═══ DATA EXTRACT ═══

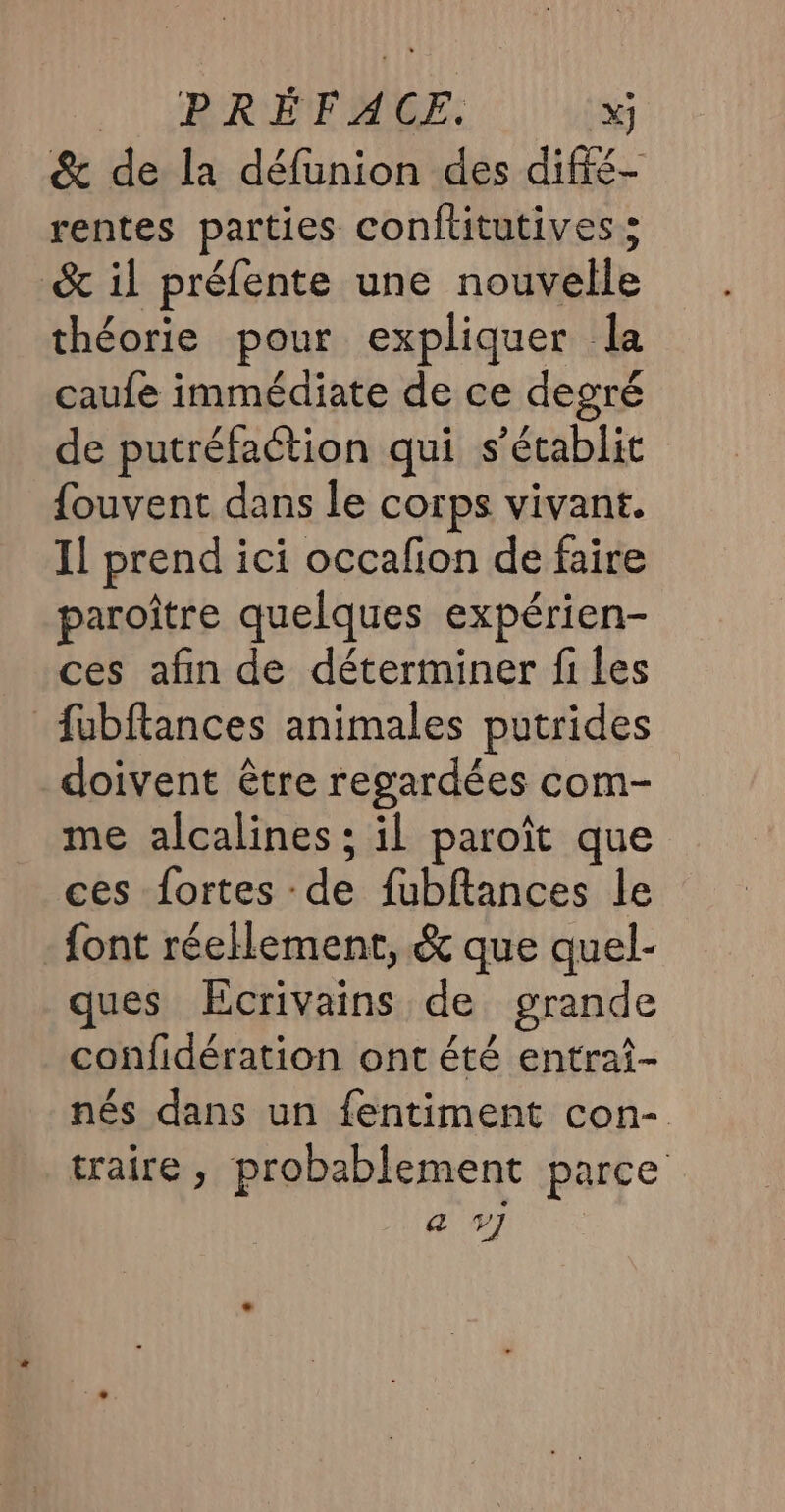 &amp; de la défunion des diffé- rentes parties conftitutives ; &amp; il préfente une nouvelle théorie pour expliquer la caufe immédiate de ce degré de putréfaction qui s'établit fouvent dans le corps vivant. 1! prend ici occafion de faire paroître quelques expérien- ces afin de déterminer fi les fubftances animales putrides doivent être regardées com- me alcalines ; il paroït que ces fortes de fubftances le {ont réellement, &amp; que quel- ques Ecrivains de grande confidération ont été entrai- nés dans un fentiment con- traire, probablement parce « V7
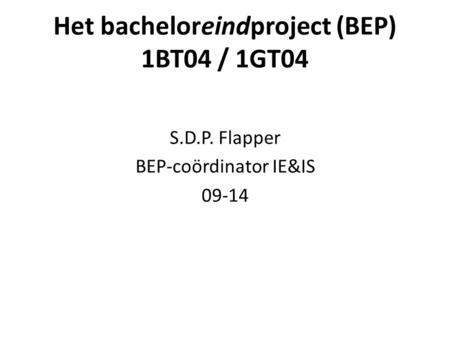 Het bacheloreindproject (BEP) 1BT04 / 1GT04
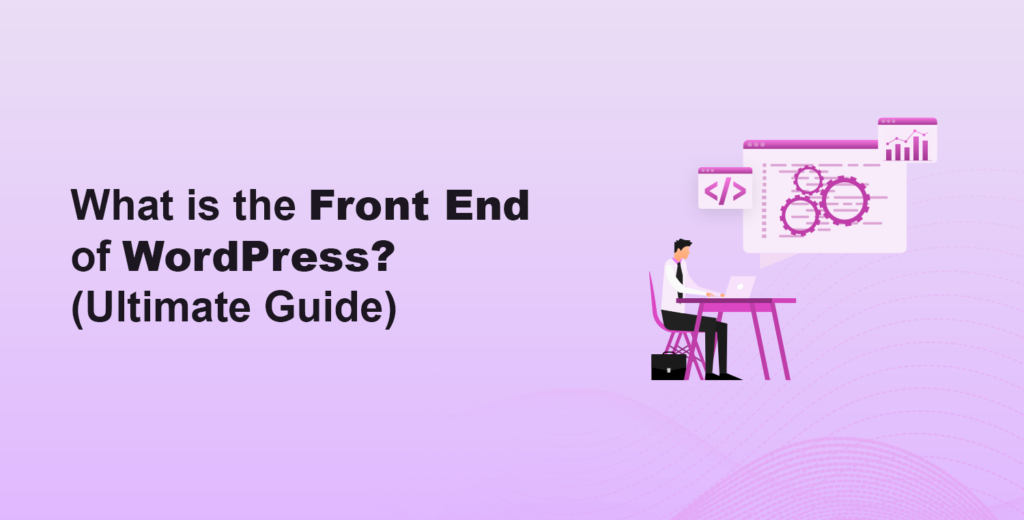 What is the Front End of WordPress? [Ultimate Guide]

═══

### AIM OF THE EXERCISE
All of the data above needs to be retyped exactly, with the pictures removed.

### TASK SOLUTION
 &amp; de la défunion des diffé- rentes parties conftitutives ; &amp; il préfente une nouvelle théorie pour expliquer la caufe immédiate de ce degré de putréfaction qui s'établit fouvent dans le corps vivant. 1! prend ici occafion de faire paroître quelques expérien- ces afin de déterminer fi les fubftances animales putrides doivent être regardées com- me alcalines ; il paroït que ces fortes de fubftances le {ont réellement, &amp; que quel- ques Ecrivains de grande confidération ont été entrai- nés dans un fentiment con- traire, probablement parce « V7
 Het bacheloreindproject (BEP) 1BT04 / 1GT04
 What is the Front End of WordPress? [Ultimate Guide]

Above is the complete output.